→ **REQUIRED WORK**
Your task is to quote the records from their first line through the line containing "OG DETROIT JACKET", with nothing added or left out.

··· GIVEN ENTRIES ···

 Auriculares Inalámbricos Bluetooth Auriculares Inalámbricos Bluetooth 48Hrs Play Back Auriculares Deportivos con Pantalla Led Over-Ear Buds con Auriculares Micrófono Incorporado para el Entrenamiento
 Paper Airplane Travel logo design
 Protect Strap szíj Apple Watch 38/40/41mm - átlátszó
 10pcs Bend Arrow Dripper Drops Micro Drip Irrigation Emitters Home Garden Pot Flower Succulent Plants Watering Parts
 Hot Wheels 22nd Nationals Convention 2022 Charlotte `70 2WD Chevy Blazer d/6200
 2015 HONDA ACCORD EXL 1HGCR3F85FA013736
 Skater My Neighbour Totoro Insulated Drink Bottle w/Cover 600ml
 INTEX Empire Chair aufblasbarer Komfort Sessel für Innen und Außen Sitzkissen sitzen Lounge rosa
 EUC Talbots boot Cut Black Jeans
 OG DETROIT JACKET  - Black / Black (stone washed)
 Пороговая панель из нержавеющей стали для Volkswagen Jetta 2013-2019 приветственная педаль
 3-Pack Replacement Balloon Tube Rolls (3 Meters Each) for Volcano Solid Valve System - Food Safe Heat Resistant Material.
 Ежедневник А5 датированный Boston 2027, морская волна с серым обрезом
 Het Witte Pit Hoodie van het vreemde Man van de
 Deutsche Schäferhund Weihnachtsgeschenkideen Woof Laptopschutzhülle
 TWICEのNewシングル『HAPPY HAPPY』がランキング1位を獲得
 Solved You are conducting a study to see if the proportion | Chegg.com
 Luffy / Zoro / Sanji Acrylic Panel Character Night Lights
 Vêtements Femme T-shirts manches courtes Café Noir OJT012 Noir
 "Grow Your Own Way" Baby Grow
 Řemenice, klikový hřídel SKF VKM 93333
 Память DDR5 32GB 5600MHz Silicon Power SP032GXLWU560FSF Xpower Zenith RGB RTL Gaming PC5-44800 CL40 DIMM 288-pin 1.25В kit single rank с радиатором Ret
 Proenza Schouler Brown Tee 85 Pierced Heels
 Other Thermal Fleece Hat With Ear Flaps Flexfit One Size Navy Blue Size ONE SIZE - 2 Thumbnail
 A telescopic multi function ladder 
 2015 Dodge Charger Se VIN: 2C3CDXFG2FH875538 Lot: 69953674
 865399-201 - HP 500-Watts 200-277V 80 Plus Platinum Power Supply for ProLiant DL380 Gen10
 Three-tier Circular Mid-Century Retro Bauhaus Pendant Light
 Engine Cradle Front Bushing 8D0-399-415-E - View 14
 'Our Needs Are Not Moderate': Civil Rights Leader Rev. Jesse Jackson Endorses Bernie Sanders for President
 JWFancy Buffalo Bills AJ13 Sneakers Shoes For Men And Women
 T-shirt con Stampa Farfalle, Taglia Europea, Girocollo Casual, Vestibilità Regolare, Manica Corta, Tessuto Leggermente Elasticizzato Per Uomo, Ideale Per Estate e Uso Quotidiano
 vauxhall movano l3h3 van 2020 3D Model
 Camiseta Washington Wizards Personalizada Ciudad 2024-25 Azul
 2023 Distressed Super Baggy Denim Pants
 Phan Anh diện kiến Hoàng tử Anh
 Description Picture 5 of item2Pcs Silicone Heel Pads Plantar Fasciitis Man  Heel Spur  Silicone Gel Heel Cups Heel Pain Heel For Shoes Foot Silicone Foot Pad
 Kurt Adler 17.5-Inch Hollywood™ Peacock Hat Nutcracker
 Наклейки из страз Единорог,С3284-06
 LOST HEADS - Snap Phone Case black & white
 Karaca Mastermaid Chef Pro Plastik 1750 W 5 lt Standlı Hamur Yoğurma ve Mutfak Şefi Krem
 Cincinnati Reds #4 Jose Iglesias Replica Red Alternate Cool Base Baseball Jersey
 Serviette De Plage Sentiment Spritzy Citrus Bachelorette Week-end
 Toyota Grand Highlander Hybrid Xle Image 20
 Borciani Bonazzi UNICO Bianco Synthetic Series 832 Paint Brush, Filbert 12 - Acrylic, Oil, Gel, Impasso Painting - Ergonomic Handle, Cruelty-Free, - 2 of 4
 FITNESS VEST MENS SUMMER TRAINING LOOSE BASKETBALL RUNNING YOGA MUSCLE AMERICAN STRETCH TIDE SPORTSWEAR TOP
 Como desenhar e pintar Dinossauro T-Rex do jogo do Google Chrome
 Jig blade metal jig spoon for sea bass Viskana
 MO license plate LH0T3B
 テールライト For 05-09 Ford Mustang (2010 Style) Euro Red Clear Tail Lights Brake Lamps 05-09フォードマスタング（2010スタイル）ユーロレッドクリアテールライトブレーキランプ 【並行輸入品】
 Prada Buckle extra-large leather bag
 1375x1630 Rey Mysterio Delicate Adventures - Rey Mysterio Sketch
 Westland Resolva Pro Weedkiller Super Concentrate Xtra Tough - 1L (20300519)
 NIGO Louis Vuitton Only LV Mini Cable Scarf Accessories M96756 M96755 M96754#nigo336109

···

→ **YOUR SOLUTION**
 Auriculares Inalámbricos Bluetooth Auriculares Inalámbricos Bluetooth 48Hrs Play Back Auriculares Deportivos con Pantalla Led Over-Ear Buds con Auriculares Micrófono Incorporado para el Entrenamiento
 Paper Airplane Travel logo design
 Protect Strap szíj Apple Watch 38/40/41mm - átlátszó
 10pcs Bend Arrow Dripper Drops Micro Drip Irrigation Emitters Home Garden Pot Flower Succulent Plants Watering Parts
 Hot Wheels 22nd Nationals Convention 2022 Charlotte `70 2WD Chevy Blazer d/6200
 2015 HONDA ACCORD EXL 1HGCR3F85FA013736
 Skater My Neighbour Totoro Insulated Drink Bottle w/Cover 600ml
 INTEX Empire Chair aufblasbarer Komfort Sessel für Innen und Außen Sitzkissen sitzen Lounge rosa
 EUC Talbots boot Cut Black Jeans
 OG DETROIT JACKET  - Black / Black (stone washed)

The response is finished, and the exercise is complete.